Lights Off:
The sci-fi-paranormal horror series, Andhera, starts by introducing the idea that darkness is devouring the city, which is entirely believable. Then goes into a dizzying maze of subplots from which it is difficult to emerge unscathed.
A young woman, Bani (Jahnvi Rawat) goes missing, and the cops are in a rush to close the file, in spite of protests from her father (Jairoop Jeevan). A cop, Kalpana Kadam (Priya Bapat) starts looking carefully at the case, and finds that it was not properly investigated. Ignoring sexist remarks by her male colleagues, she starts working on it, and goes down a wormhole of the paranormal and a criminal conspiracy to control the world.
Two other people Jay (Karanvir Malhotra) and Jude (Kavin Dave) are mysteriously linked to Bani, and both believe a dark force is at work. Jay’s brother, Prithvi (Pranay Pachauri) is in a coma after a bizarre accident for which Jay blames himself.

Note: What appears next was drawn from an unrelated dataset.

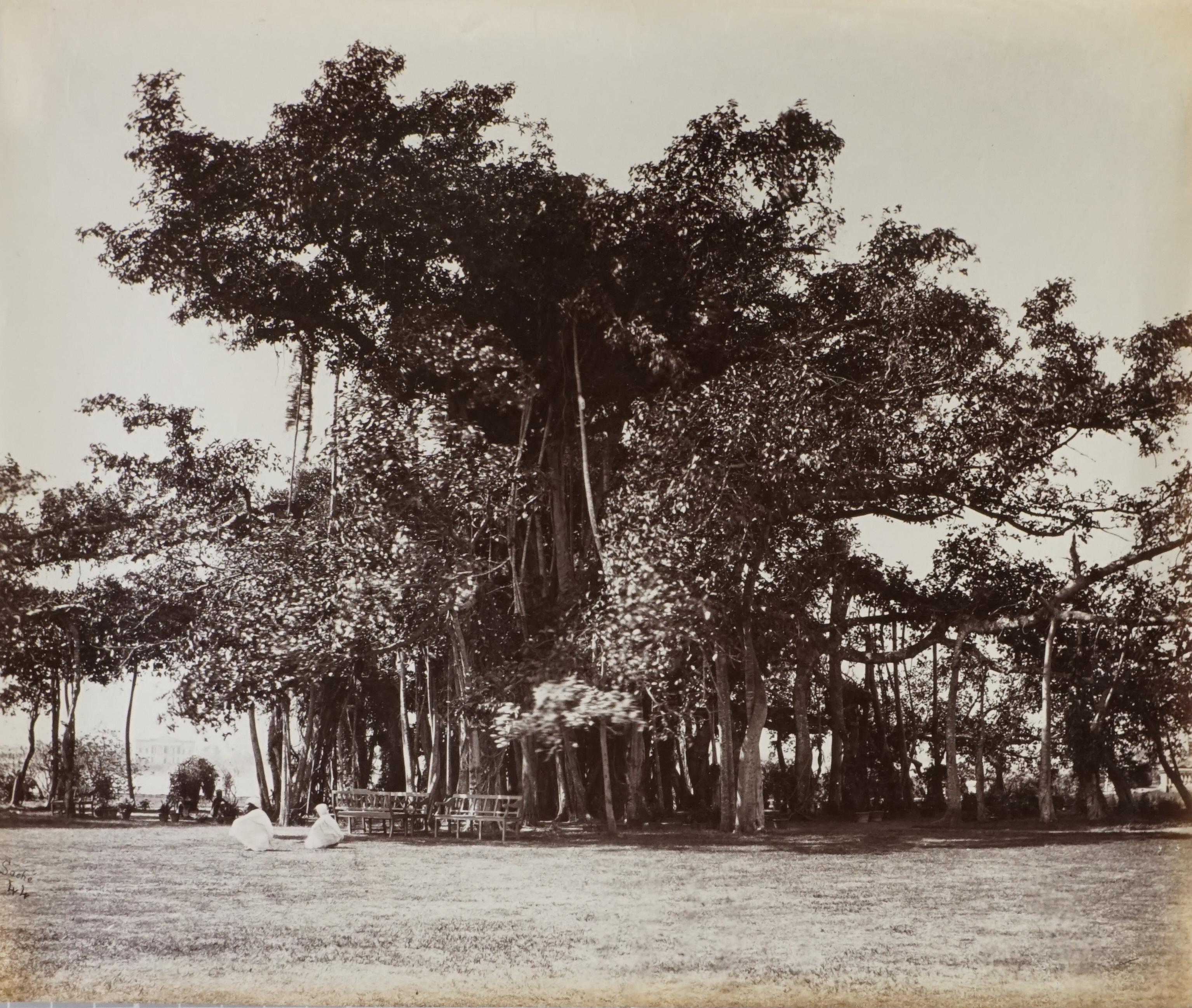 Calcutta; Banian Tree at Government House, Barrackpore, 1870s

Prithvi was conducting brain experiments for Dr Sahay (Parvin Dabas), who works for an evil (is there any other kind?) pharma company boss, Uberai (Dilip Shankar). Linked to the goings-on is a healing centre, Aatma, run by Ayesha (Surveen Chawla), a mysterious hitman Darius (Vatsal Sheth), Omar (Mohit Prajati), a kid with unusual brain activity.
Jay links up with Rumi (Prajakta Koli), who runs a vlog on paranormal activity, and has a bagful of gizmos to communicate with spirits. Jude is convinced that a comic book has the answer to the terror he is being subjected to, but with the last page missing, he cannot find a solution.
Kalpana, with bleak memories of her own, embarks on an affair with Ayesha, while running about with the Jay-Jude-Rumi, trio trying to make sense of the daily dose of mayhem thrown in her direction.
Created by Gaurav Desai and, and directed by Raaghav Dar, the eight-episode show (on Amazon Prime Video) has decent VFX (the production company is Excel) and the prosthetic make-up is undoubtedly spooky; it uses several familiar tropes from supernatural thrillers— brain control, evil twins, a dark force feeding on fear, guilt, misery and so on; however, while individual scenes work well, the show has to huff and puff to gather all the balls it throws into the air and fails to juggle expertly. Come to think of it, the collective despair of urban life would feed any monster, why does the plot pick on just a handful of characters?
So much effort and tech expertise are expended into the show, for it to end up boring. It is sporadically chilling—like Bani’s mother (Mandakini Goswami) is terrifying enough on her own— but the disparate elements take forever to come together, and then the climax falls into absurdity. When it comes to horror, audiences are willing to suspend disbelief, if the plot succeeds in being engaging.
The performances are what keep Andhera flowing–Priya Bapat, Prajakta Koli, Karanvir Malhotra and Surveen Chawla, (who must have played every shade of evil so far)— are earnest and work hard to dispel the sluggishness that keeps bogging down the show.